Easy cases: minimum (or maximum): Algorithm-0 takes n-1 comparisons in an unsorted data structure (no more, no less?). Best case, worst case, and average case.

To find both the minimum and maximum.

- Algorithm-1: run Algorithm-0 twice.
- Algorithm-2: processing numbers in pairs, each costs 3 comparisons — 3n/2 - 2 in total if n is even (the first pair cost 1), and 3(n-1)/2 if n is odd (the first number is set as min and max). In summary, it is ceiling(3n/2) - 2.

How about the 2nd minimum (or maximum)? How about to form groups of 3 elements or more?
If *i* is a constant, extend the algorithms to find

- the
*i*th, or bottom-*i*;
- the median, or the bottom-i%.

What is the difference, in asymptotic notations, between the above two situations?
Selection by sorting: O(n lg n). Can it be faster if we don't need total order? How about stopping a sorting algorithm somewhere in the middle?

### 2. Selection by partition with random pivot

The idea: a partition finds the relative rank of the pivot without sorting all numbers. When the pivot is the *k*th smallest, it either ends the process (if *k = i*), or reduces the instance size to max(k-1, n-k).
The algorithm Randomized-Select (page 186) uses Randomized-Partition (page 154), and has a worst case Θ(n^{2}).

The average running time of the algorithm is given by E[T(n)] = Σ[k=1..n](1/n)E[T(max(k-1,n-k))] + O(n), which can be proved to be O(n). Therefore the average running time is the same as partition.

Or, think in this way: there is 98% change a randomly selected pivot will reduce the problem size by 1%, then T(n) = T(0.99n) + O(n) = O(n) by Master Theorem.

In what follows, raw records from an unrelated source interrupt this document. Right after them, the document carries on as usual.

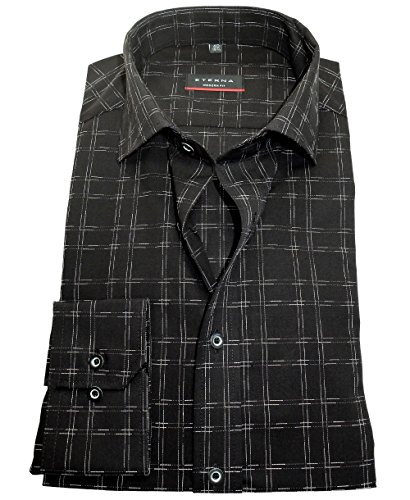 eterna Modern Fit Langarmhemd in schwarz weiss Karostruktur 8025-39-X177
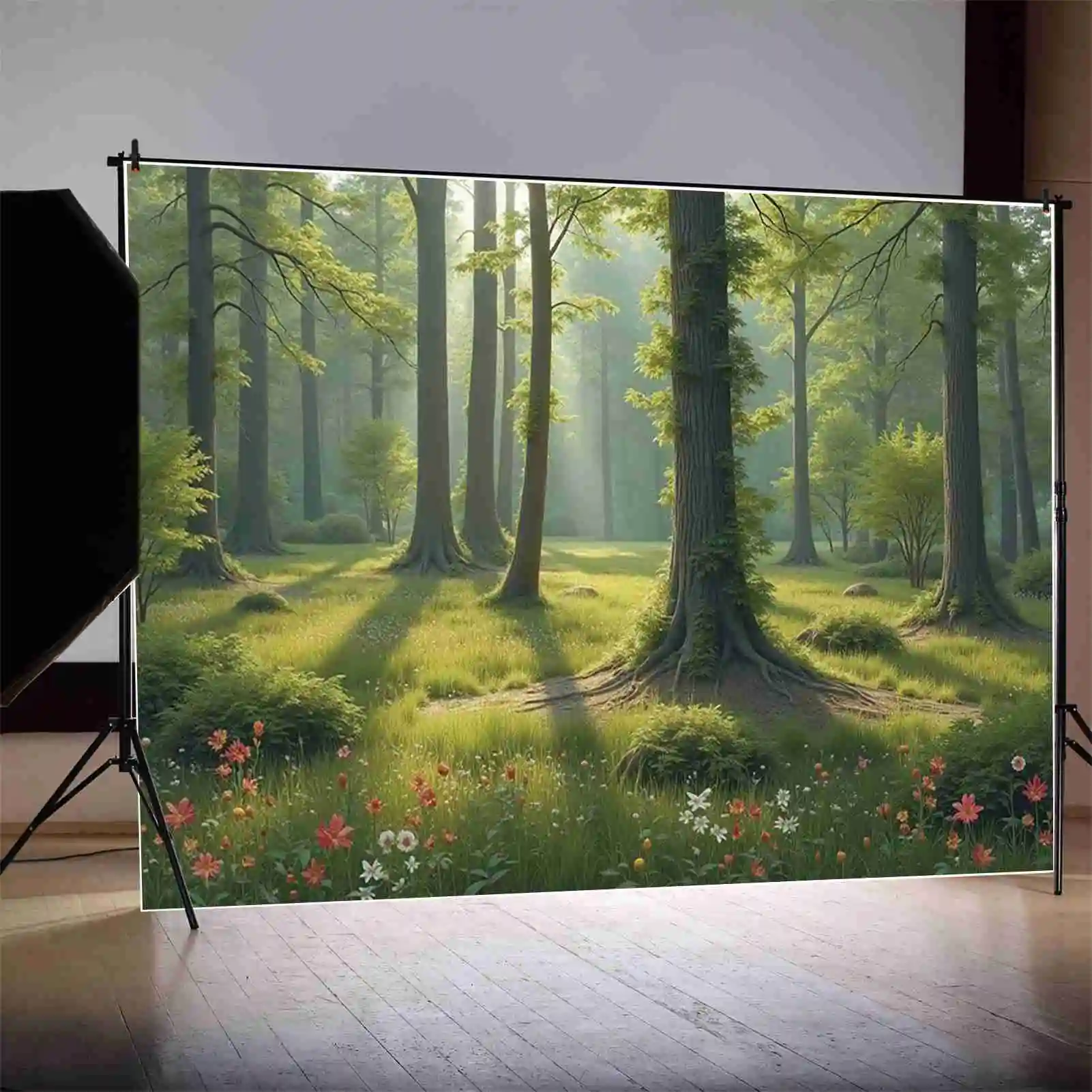 MOON.QG خلفية شجرة غابة الربيع حديقة الحديقة الطبيعية العشب الأخضر زهرة خلفية ديكور المنزل التصوير استوديو الدعائم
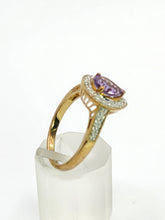 Load image into Gallery viewer, 1849: Vintage: 9ct Gold Pear-Cut Lilac Amethyst Diamonds Dress Ring-Lovely combination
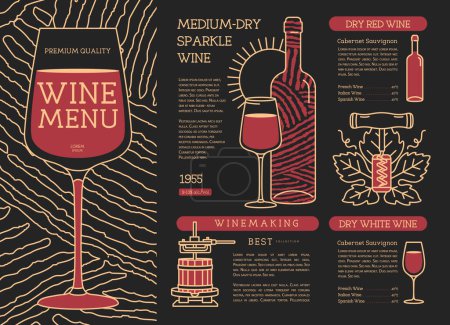 Restaurant carte des vins design. Illustration vectorielle moderne Line Art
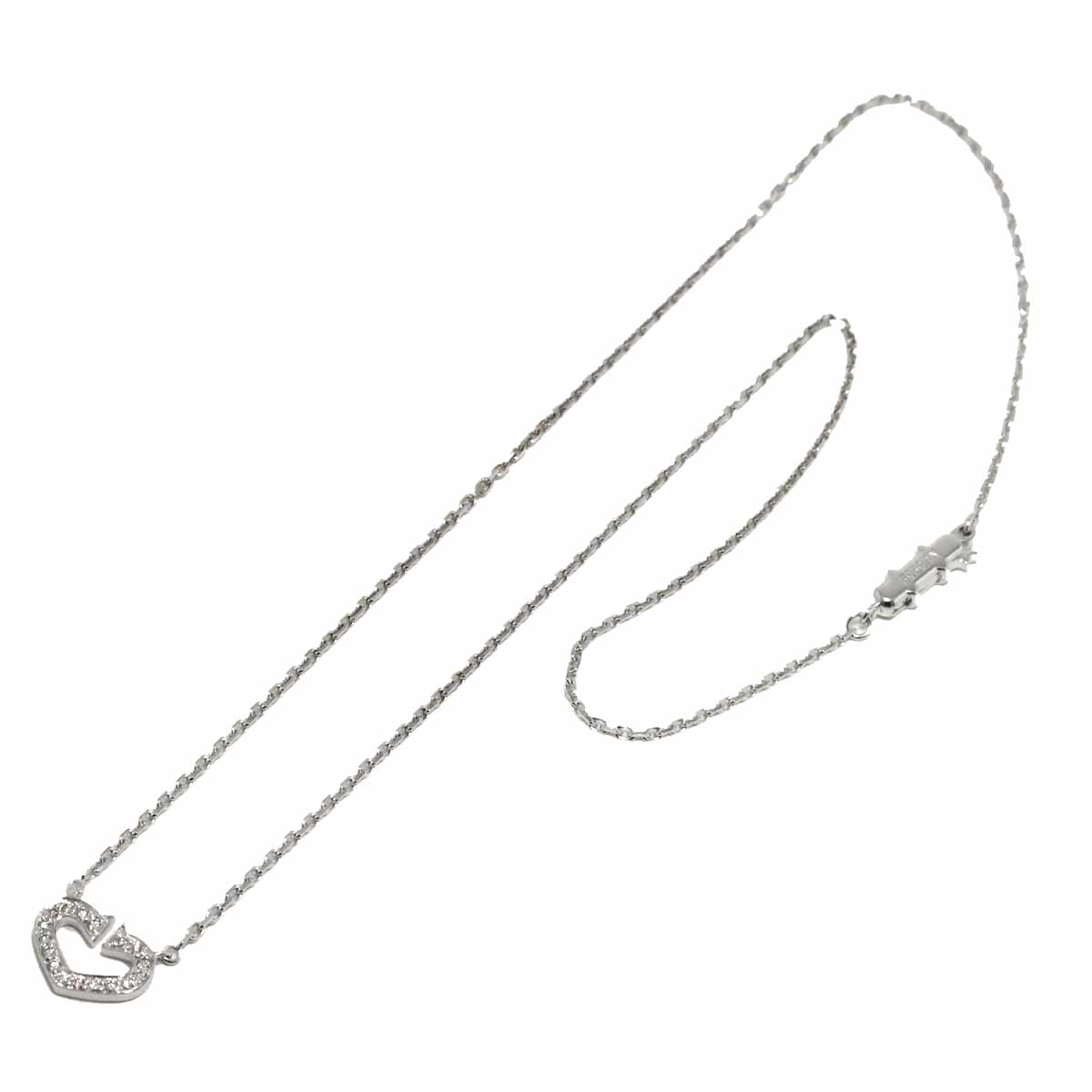 C Heart Diamond Necklace 18K White Gold 750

### 3. Selection by partition with selected pivot

How to get a O(n) worst case time? To reduce the instance size by a constant proportion after each partition.
The SELECT algorithm (page 189): divide the *n* elements into groups of *c* (a constant), find the median of each group (using Insertion-Sort), then select the median of the group medians recursively, and finally use the median-of-medians as pivot to do partition. Intuitively, such a pivot can at least reduce instance size by 1/4 — it is larger and smaller than half elements in half groups, respectively.

The textbook gives the proof that the selection algorithm has a linear worst time using *c = 5*.